The Recovery Coalition, which celebrates its six-year anniversary in July, surprised the class with a unique request: a playground.

“We have a family and friends meeting every Tuesday for people affected by the addictive behavior of a loved one,” Esra said. “You can bring your kids, and now they’ll have the outside play equipment that can occupy their time so the adults can have conversations about the things they are struggling with trying to help a loved one that is struggling with a substance use disorder.”

“If there's a playground, the children are on the playground having fun, and that means people can stay at the Recovery Center longer,” Benedicks explained. “The whole ethos of the place is family. This helps create that feeling of families being happy together.”

While the Recovery Coalition had long been interested in a playground, Coalition staff didn’t know where or how to start looking, until meeting with the Wabash students.

Since the class structure adapts to each project, Benedicks and her students started by visiting and volunteering with the Recovery Center administrators to identify their needs.

“The moment the director of the Recovery Coalition mentions playgrounds, one of the guys has his phone out researching playgrounds,” Benedicks said. “There was all of this energy around it, and the students just ran with it.”

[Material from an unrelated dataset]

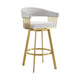 Luci Swivel Barstool Chair | Gold Steel | Taper Legs | Silver Polyester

As the students began planning for the grant, they decided they wanted to conduct interviews with people who use the Recovery Center’s services to better understand their needs and to help tell a more compelling story in the grant.

“They designed flyers explaining what they were doing, passed those flyers around, and found some people to talk with them,” Benedicks said. “That information got used in the SIA grant and was one of the things that was so effective. It was about more than just asking for the money; it was telling the stories of the people this will impact.”

Benedicks believes the class is extra rewarding, because students can get involved in the community and see the impact of their work.

“The students in the class get invested in the projects in a way they might not if you're just writing a paper for a grade,” Benedicks said. “So much of this class happens outside of the classroom. So much of it happens in community spaces, where I think it's not likely that students would go unless they have a reason.”

Once the students decided the SIA grant was the best fit, the two student co-authors of the grant workshopped the write-up with the class several times over until they were confident in their submission.

Two weeks after the school year ended, they found out the grant had been awarded.

Although their proposal was one of only 16 to be accepted out of 399 submitted, Benedicks was always confident in the ability this class had to have a tangible impact on the community.

“The students knew it was a long-shot grant, but they thought they had a compelling story to tell,” Benedicks said. “They shared that information and made the best case they could.

“And they’re good writers,” she added.

“There’s no way we could have done it without the Wabash students,” Esra said. “They wrote the grant for us; they sent it in for us; they did it all.”